Here’s the thing. I actually think that running has helped me with my O.C.D. It allows me to shut my obsessive brain off and concentrate on my running. It eases my anxiety and my irrational fears and I think it’s one of the reasons that I stick with it. My body appreciates running but my mind actually needs it.

So tell me, do you have O.C.D. or do you think you might? And, if you have O.C.D. do you think running helps?

18 thoughts on “I am a runner and I also have O.C.D., no really.

  1. Hi! I struggle with OCD, but mine is more of the “just right” variety. I tap things repeatedly, until I feel satisfied, and push on things in beats of 5 or 10. My OCD actually makes running hard sometimes because if I feel my clothing isn’t ‘just right’ or I’m slightly bothered, it consumes my thoughts and I have to stop and fix it before my agitation level goes through the roof. But running does help me as well with my general anxiety, and I notice when I come home I’m not as compelled to tap 🙂

    • Interesting. I have the same issues with my clothing but especially with my shoes, the laces in particular. My laces have to be tied and double knotted with the exact same length on each side. I don’t tap things but I do touch things repeatedly and organize, all the things, lol. I’m glad that running helps with your OCD and especially with your anxiety. The anxiety is the worst! And thank you for your comment. 🙂

  2. Hi! My name is Arne Robertson I am an avid runner who also suffers with OCD. I definietly agree that Running helps my OCD. It calms the brain whenever I am suffering with checking things. I go to therapy for my OCD< which helps but somedays can be overwhelming. I am so glad that running helps my OCD and give me peace. I am training for my first marathon in september, so there happens to be a lot of training during this time. So I am very excited for that. I hope this find you well and Hope your runnign goes well.

  3. Hi Dear,
    As a person who knows OCD well,I reassure you that symmetry and tideness compulsions OCD is something that you can overcome.Ofcourse ,running will help you in this regard. mindfullness and ERP will also help.

    Get well soon!

    • Thank you. I’ve learned to manage it over the years. My family just thinks these are my ‘quirks’. I’m glad that you are better.

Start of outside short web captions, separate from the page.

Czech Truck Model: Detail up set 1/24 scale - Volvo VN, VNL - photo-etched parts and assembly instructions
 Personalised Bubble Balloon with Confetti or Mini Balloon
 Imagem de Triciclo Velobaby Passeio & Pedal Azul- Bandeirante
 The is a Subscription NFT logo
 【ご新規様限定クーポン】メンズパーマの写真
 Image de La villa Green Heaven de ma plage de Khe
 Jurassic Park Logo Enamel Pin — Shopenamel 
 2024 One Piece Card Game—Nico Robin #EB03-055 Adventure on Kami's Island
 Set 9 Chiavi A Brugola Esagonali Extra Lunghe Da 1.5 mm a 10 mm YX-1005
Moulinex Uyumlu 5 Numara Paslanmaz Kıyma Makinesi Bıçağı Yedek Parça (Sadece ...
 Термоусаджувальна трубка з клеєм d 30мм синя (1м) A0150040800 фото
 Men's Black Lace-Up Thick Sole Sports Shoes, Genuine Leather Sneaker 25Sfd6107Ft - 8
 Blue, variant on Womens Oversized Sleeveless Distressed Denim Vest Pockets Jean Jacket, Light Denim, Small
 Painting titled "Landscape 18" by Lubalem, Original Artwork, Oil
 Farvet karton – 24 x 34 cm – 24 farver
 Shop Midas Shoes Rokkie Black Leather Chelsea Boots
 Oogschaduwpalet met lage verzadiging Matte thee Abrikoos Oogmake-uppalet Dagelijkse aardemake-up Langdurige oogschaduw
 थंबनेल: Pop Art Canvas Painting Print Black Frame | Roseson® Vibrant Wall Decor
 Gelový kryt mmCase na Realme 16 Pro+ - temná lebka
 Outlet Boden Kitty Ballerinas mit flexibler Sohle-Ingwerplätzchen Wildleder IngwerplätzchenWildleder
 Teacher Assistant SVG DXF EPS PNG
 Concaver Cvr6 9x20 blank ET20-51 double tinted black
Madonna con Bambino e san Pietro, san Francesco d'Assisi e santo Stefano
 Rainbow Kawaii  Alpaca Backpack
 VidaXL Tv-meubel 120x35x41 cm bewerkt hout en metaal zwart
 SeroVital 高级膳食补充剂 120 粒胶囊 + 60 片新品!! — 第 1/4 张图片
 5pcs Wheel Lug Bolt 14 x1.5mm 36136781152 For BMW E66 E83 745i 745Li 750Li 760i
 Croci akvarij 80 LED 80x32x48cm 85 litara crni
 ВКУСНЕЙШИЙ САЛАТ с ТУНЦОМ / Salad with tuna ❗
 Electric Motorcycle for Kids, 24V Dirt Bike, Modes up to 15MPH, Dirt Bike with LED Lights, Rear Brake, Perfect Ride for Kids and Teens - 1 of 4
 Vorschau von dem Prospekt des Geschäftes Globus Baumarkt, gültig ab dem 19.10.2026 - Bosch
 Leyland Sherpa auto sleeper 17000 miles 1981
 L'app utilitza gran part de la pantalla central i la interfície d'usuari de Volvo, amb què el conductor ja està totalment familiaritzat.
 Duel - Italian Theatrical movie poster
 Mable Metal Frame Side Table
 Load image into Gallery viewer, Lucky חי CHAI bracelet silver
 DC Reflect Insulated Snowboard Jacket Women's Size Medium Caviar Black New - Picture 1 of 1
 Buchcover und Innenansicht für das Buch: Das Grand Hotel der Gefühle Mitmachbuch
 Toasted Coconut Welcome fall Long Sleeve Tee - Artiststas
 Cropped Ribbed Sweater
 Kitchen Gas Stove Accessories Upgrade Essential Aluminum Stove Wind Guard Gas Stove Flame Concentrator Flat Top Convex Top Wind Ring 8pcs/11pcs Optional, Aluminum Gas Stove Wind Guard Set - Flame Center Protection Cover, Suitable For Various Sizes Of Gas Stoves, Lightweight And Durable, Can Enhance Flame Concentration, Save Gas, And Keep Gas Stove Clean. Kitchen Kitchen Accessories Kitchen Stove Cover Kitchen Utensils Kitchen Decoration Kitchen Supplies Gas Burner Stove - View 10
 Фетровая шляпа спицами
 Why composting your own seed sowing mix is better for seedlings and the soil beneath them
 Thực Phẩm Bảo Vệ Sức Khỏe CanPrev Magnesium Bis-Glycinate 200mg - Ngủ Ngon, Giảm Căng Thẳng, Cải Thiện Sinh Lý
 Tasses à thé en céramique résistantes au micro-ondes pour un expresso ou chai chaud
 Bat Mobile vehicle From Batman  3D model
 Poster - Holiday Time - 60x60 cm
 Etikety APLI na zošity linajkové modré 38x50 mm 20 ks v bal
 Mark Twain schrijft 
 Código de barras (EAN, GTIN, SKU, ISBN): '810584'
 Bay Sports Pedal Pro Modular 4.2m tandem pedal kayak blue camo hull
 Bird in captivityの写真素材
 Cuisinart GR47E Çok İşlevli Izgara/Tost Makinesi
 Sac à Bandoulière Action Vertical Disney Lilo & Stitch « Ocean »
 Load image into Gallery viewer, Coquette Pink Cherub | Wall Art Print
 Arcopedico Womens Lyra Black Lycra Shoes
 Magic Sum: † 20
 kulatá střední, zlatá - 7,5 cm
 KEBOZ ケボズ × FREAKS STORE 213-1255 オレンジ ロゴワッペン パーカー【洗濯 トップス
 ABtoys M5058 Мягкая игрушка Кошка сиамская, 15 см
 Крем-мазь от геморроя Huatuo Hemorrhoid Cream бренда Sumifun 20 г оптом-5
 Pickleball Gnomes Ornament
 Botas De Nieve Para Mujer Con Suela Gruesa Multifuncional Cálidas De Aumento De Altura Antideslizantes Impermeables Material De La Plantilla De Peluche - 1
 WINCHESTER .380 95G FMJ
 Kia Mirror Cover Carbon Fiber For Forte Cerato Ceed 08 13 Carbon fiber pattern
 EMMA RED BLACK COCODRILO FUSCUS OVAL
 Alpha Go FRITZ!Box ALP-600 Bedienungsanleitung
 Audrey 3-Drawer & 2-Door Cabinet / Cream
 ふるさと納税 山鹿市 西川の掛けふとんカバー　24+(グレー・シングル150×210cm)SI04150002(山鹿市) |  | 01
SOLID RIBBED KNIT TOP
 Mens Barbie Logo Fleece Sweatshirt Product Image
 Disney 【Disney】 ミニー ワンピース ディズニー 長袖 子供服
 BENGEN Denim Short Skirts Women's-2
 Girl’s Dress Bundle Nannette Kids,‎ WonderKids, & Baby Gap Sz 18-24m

    • Whoa Travis, not cool to use that language so I edited you. And I’m pretty sure I do know what O.C.D. is since I have suffered from it most of my life. I welcome your comments and even a difference of opinion but bad language won’t be tolerated.

  4. I am actually the opposite of OCD. I love chaos and prime numbers, which are the bane of any OCD person. If I could turn a 5k into a Pi race of 3.1415926535897932384626433832795028841971 I would.

    My wife is OCD and simply hates my random nature. Being able to accept odd distances or times is a great benefit after longer runs as I don’t mind when the watch said 13.68 miles after the 1/2 at Disney, I wasn’t running another step in that heat and humidity…others, well let’s just say they were jogging in the recovery zone.

    • LOL, you would get along great with my husband. In fact, he takes great pride in re-arranging things in the house when I am out. It provides hours of amusement for him as I inevitably freak out.

  5. I enjoy symmetry but, having said that, having that one fig newton out of place didn’t bother me in the slightest. Something that does bother me is when people’s clothing labels peek out from whatever they’re wearing, I have this need to either tell them about or just fix it myself (unless it’s a stranger!)
    One of the trickiest things I do is pump my wife’s gas for her because she almost has to have it so that there are no cents showing in the final price (she doesn’t care about the actual gallon measurement) This takes some skill and good hand/eye and I’m GENERALLY up to the task….Could pretty well care less if my running clothes matched, I just grab whatever’s clean (or available!)

    • LOL, I love the label pet peeve. I could just imagine you running behind someone with a label sticking out and it driving you crazy and I totally understand your wife’s need for even numbers. I have literally poured gas into the parking lot, (I know, stupid) just to get to an even number.